> **WORK TO COMPLETE**: Every line with the string "Gold" in it belongs in your answer, so copy them all from the data.

> **DATA RECORDS**:
>>>>>

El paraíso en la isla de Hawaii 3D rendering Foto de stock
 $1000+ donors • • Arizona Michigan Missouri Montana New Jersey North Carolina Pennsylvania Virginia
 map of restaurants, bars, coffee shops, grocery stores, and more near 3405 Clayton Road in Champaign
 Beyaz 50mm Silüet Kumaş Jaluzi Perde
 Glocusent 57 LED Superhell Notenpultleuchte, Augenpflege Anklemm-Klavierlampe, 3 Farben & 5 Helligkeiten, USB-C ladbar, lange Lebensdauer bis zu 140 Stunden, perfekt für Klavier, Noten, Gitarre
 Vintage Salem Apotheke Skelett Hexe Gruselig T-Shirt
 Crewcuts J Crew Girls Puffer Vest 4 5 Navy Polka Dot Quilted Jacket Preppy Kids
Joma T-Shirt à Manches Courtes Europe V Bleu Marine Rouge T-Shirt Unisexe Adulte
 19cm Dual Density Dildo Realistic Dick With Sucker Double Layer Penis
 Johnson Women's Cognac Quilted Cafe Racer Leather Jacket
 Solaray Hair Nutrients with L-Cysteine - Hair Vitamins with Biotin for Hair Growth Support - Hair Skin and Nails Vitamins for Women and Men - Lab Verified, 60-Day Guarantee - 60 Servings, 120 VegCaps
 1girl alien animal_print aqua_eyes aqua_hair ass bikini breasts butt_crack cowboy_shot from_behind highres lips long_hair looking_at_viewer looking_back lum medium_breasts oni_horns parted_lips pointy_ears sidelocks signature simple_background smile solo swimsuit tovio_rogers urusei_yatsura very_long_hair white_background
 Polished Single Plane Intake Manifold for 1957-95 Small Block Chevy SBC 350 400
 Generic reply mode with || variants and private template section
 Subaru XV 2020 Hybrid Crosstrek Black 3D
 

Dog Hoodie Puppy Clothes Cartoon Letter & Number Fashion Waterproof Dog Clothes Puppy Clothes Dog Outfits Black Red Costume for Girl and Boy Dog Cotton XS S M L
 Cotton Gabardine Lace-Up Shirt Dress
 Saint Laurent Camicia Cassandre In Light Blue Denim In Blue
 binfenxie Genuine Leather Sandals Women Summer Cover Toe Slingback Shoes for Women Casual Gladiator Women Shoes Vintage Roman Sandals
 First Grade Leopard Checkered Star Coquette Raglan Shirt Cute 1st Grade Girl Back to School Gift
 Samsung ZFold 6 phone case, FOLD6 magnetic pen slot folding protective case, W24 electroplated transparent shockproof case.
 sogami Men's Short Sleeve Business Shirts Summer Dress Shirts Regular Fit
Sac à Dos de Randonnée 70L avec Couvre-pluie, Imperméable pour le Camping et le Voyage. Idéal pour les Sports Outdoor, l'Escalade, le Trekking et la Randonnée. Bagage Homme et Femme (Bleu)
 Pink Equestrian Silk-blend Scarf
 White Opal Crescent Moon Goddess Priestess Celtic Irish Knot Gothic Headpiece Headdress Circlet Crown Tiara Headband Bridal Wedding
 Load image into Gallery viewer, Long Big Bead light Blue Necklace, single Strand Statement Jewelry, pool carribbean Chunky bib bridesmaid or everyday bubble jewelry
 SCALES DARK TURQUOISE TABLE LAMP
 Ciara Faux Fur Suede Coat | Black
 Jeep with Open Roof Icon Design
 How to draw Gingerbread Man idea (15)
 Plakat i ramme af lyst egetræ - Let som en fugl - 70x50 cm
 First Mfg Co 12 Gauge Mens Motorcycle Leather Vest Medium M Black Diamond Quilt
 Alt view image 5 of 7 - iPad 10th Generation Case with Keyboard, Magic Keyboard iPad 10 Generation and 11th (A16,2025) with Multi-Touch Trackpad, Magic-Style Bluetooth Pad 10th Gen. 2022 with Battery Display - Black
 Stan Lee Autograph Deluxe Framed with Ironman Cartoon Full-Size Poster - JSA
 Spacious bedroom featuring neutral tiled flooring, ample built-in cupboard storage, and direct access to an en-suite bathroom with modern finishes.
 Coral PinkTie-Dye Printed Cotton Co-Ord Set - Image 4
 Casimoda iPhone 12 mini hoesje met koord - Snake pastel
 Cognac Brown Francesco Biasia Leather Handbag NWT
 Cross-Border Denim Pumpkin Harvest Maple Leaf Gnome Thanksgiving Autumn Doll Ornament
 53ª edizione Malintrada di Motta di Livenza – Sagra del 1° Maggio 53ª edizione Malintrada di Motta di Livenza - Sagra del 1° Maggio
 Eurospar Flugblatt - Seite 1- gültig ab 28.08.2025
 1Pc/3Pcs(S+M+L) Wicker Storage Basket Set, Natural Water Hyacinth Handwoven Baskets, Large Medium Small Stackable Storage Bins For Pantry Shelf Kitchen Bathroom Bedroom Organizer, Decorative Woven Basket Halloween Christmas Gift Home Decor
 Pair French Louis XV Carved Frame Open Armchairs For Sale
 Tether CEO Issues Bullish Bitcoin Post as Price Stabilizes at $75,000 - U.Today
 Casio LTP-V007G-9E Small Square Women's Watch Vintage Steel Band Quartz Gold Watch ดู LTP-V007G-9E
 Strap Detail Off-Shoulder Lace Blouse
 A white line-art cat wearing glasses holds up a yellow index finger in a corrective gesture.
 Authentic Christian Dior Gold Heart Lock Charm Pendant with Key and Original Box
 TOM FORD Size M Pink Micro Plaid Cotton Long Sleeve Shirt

<<<<<

> **RESPONSE BOX**:
 Casio LTP-V007G-9E Small Square Women's Watch Vintage Steel Band Quartz Gold Watch ดู LTP-V007G-9E
 Authentic Christian Dior Gold Heart Lock Charm Pendant with Key and Original Box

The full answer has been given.